Beni arabın arasına bıraktıklarında koltuğa yan yatarak ağlamaya devam ettim. Kapılar açılınca şoförle beraber ön koltuğa Kartal da bindi. Başını çevirip bakmasıyla iç çekerek ağlamaya devam ettim.
"Sür!" Araç hareket edince karanlıkta ilerlemeye başladık. Yolları göremesem de ormanlık bir alanda ilerlediğimizi fark ediyordum. Şimdi onca kişiye ormanlık mezar mı olmuştu. Onların ailesi çoluğu çocuğu olmalıydı. O an ağlamam hıçkıriklara dönüştü.
"Dur!" Araç aniden durunca Kartal arabadan indi. Ne oluyoruz diye hafif başımı kaldırmıştım solumdaki kapı açılınca Kartal göründü. Biraz daha doğrulunca yanıma oturup kapıyı kapattı. "Devam et!" Araba çalışırken Kartal beni kendine çekti. Başta sarılmak isteyecektim ama kokusuyla birlikte kollarımı beline dolayarak yüzümü göğsüne gömdüm.
Kartal konuşmadan saçlarımı okuşuyordu. Keşke böyle olmasaydı. Kimse zarar görmeseydi. Aklıma yeğenimi gelince boğazımı acısından zar zor konuştum.
"Ay-Ay..."
"Aysima çok iyi şuan yanında annesinin olması gerekiyor. Sen bunları düşünme. Herkes iyi."
"Değil... Değil... Ben... Ben sen katil olma elin kana bulanması diye sensiz kalmayı göze alabilirken sen az önce onlarca adam öldürdün."

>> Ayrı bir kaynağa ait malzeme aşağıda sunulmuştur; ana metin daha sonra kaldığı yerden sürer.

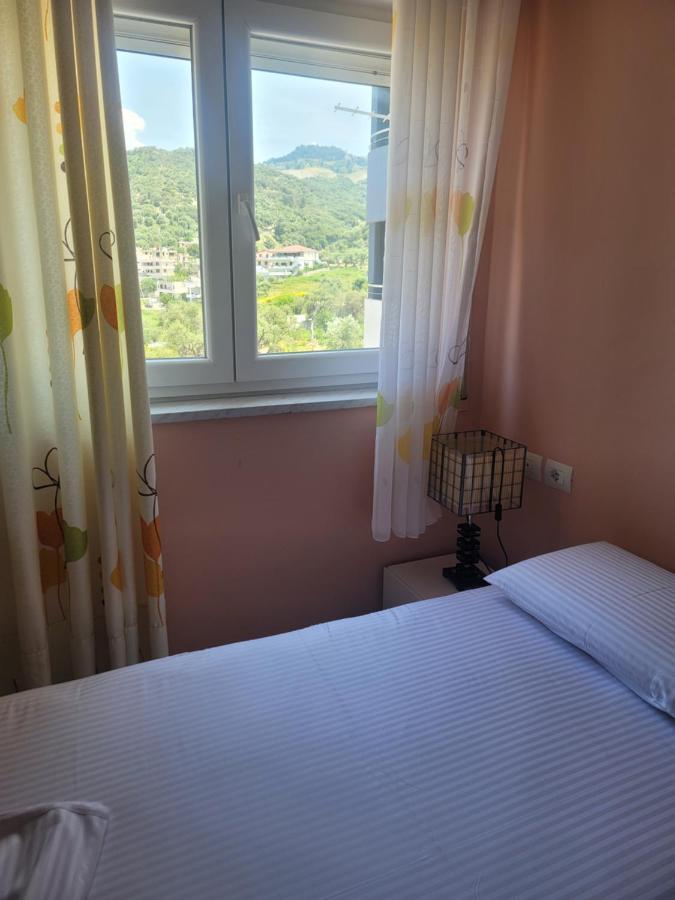 Lungo Mare & Luxury Apartments Vlore Exterior photo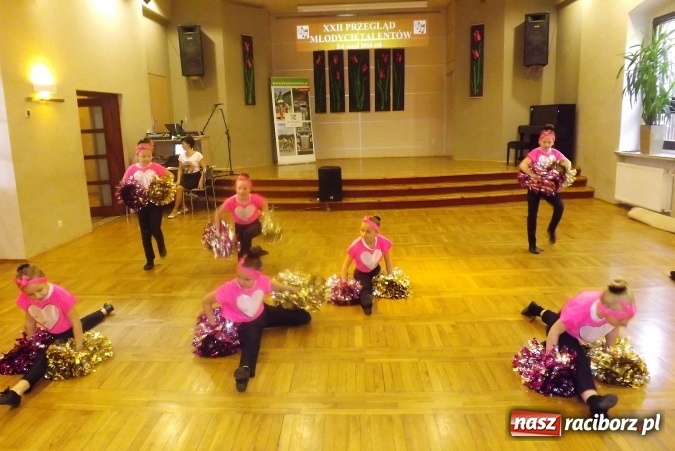 Zdjęcie w galerii na portalu naszraciborz.pl: XXII Przegląd Młodych Talentów - taniec i recytacja wiadomości z regionu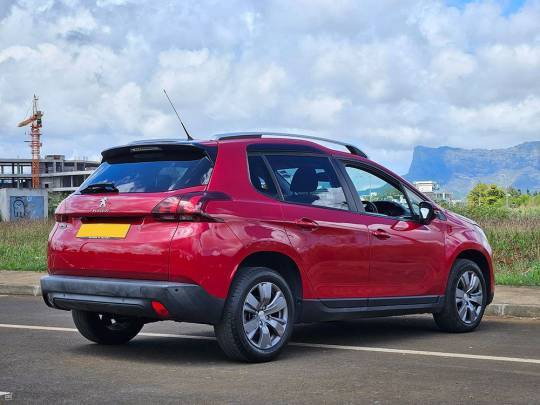 PEUGEOT #2008  - 1.2 - 2018-3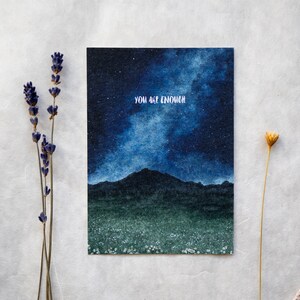 Eres suficiente III - Postal de acuarela premium pintada a mano A6 Cielo nocturno Estrellas Flores Vía Láctea Afirmación Amor propio Salud mental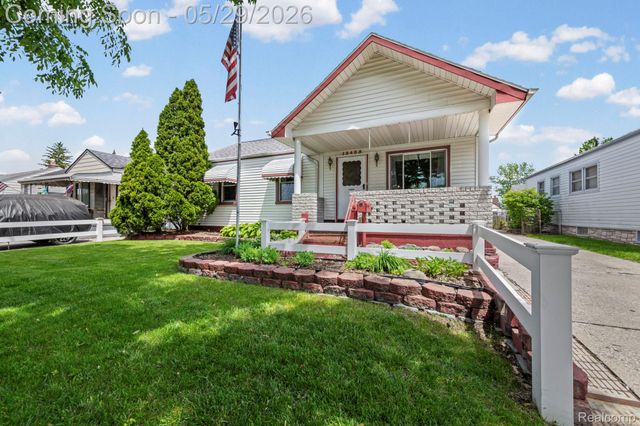 12435 Agnes Street, Southgate, MI 48195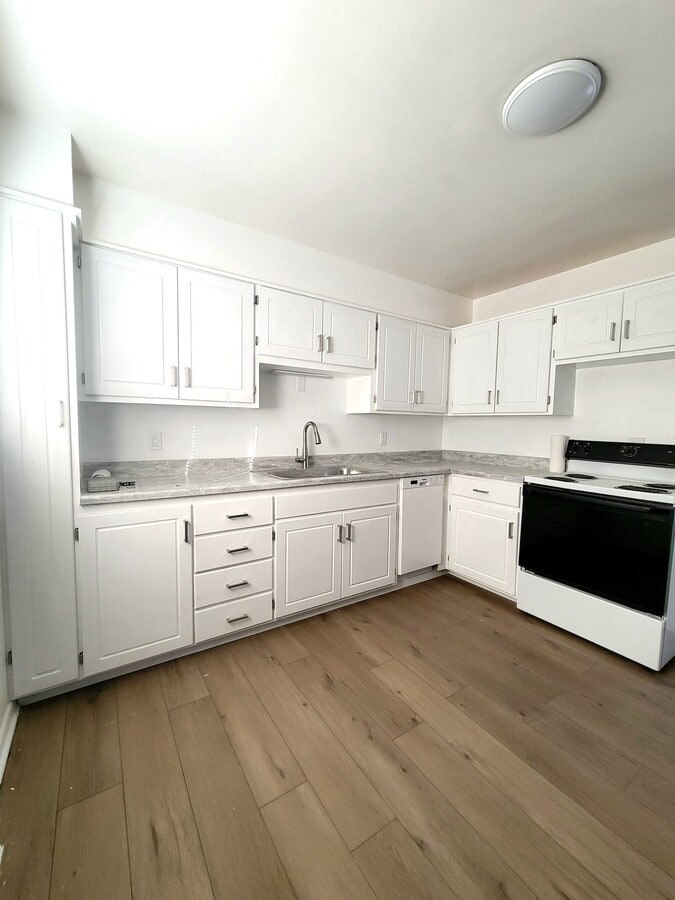 Photo - 135 Mather Cir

Ben değil adamlarım halletti, dediğinde ondan ayrılarak ne fark eder dedim. Sonuç itibariyle katildi. Ondan ayrılınca başımı diğer cama dayayarak kalan yolu böyle geçirdim. Eve gelip demir kapıdan girdiğimizde kapının önünde ablami ve Raşit'i gördüm. Araba durunca ablam koşmuş bende güç bela arabadan inerek ağlayan ablama sarılmıştım.
"Ablam canım içi çok korktum. Sana bir şey oldu diye öldüm öldüm dirildim." Ablamdan ayrılınca Raşit sarılarak "Bacim iyi misin o itler sana zarar verdi mi?" diye sordu.

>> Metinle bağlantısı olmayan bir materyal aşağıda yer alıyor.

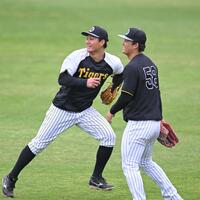 　前川（右）と守備練習する森下（撮影・飯室逸平）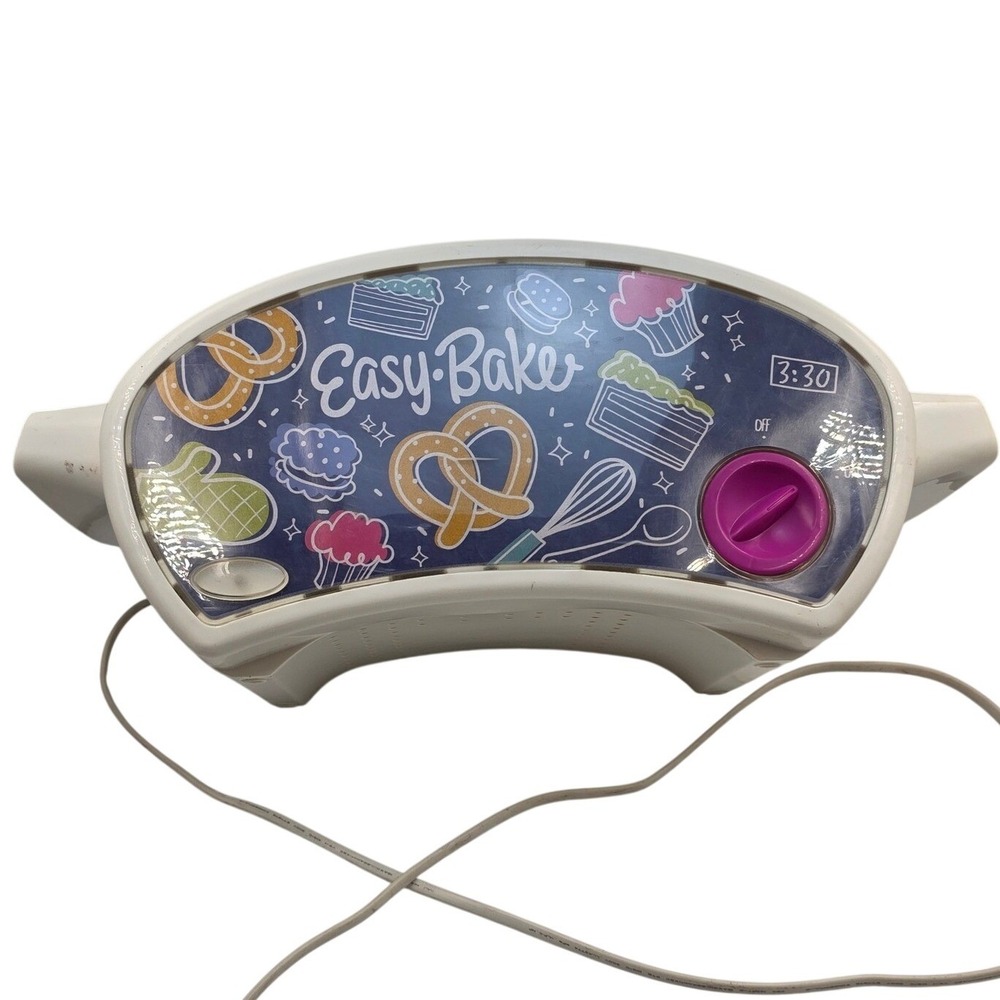 Hasbro Easy-Bake Ultimate Oven White Electric Toy Model F0137 2020 Edition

"Bende iyiyim Raşit abi ama açım. Bütün gün bir yudum suya hasret kaldım."
"Herkes içeriye geçsin." Kartal yine bir emir verip yürüdüğünde Raşit ve ablam bana destek vererek içeriye kadar yürüttü. Salona oturduğumuzda yeğenimi sordum. Ablam çok ağladığıni beni voruncede uyduğunu söyledi.
"Pelin abla sizi kardeşiniz tam bir kahraman. Adamlar önümüzü kestiğinde o an yapılacak en akıllıca hareketi yaparak uyuyan kızınızı arabada sakladı. Benim hemen teslim olmak gibi niyetim yokken Aysima'yı korumamız gerektiğini söylerek kuzu gibi teslim olmamızi önerdi."
"Bizde diyoruz ikisi kaçıran itler Aysima'ya neden dokunmuyor." Kartal gözlerini dikmiş bana bakarken ablam da beni öperek yemek hazırlayacağini söyleyip istemeyerek yanimizdan ayrıldı.
"Valla öyle oldu, ben gözlerimi açıp kendimi taputta bulduğumda Lina... Lina Hanım yine büyük bir cesaretle bana korkmami söyledi."
"Lina senin kimden korkup korkmaman gerektiğini çok iyi biliyor, sen önce yemeğini ye kendine gel. Ben sana mahalle Kabadayısı gibi korunaksız nasıl çıkılıyormuş göstereceğim." Raşit konuştuktan sonra onaylamasi için Kartal'a değil mi diye sordu.
"Ben konuşmam Raşit direkt yaparım." Mustafa bakışlarını bana çevirince bende Kartal'a baktım.
"Bugün kana doymadın mı? Senin yüzünden kaç kadın eşini kaybetti. Kaç anne oğlunu kaybetti, kaç çocuk babasız kaldı. O adamlar ne kadar kötü olursa olsun ölümü hak etmedi. Hepsini öldürmek zorunda değildin. Bu dünya da kanun var hak var hukuk var Kartal Bey istediğin gibi keyfine göre adalet dağıtmazsın. Bunca kötülüğü yaptıktan sonra da pişkin gibi ben konuşmam direkt yaparım hiç diyemezsin... Seni... Seni polise şikayet edeceğim. Işte o zaman hak yerini bulmuş olacak."
...öylesine güzel bir gökyüzünün altında bu kadar kötü insan nasıl yaşayabiliyordu?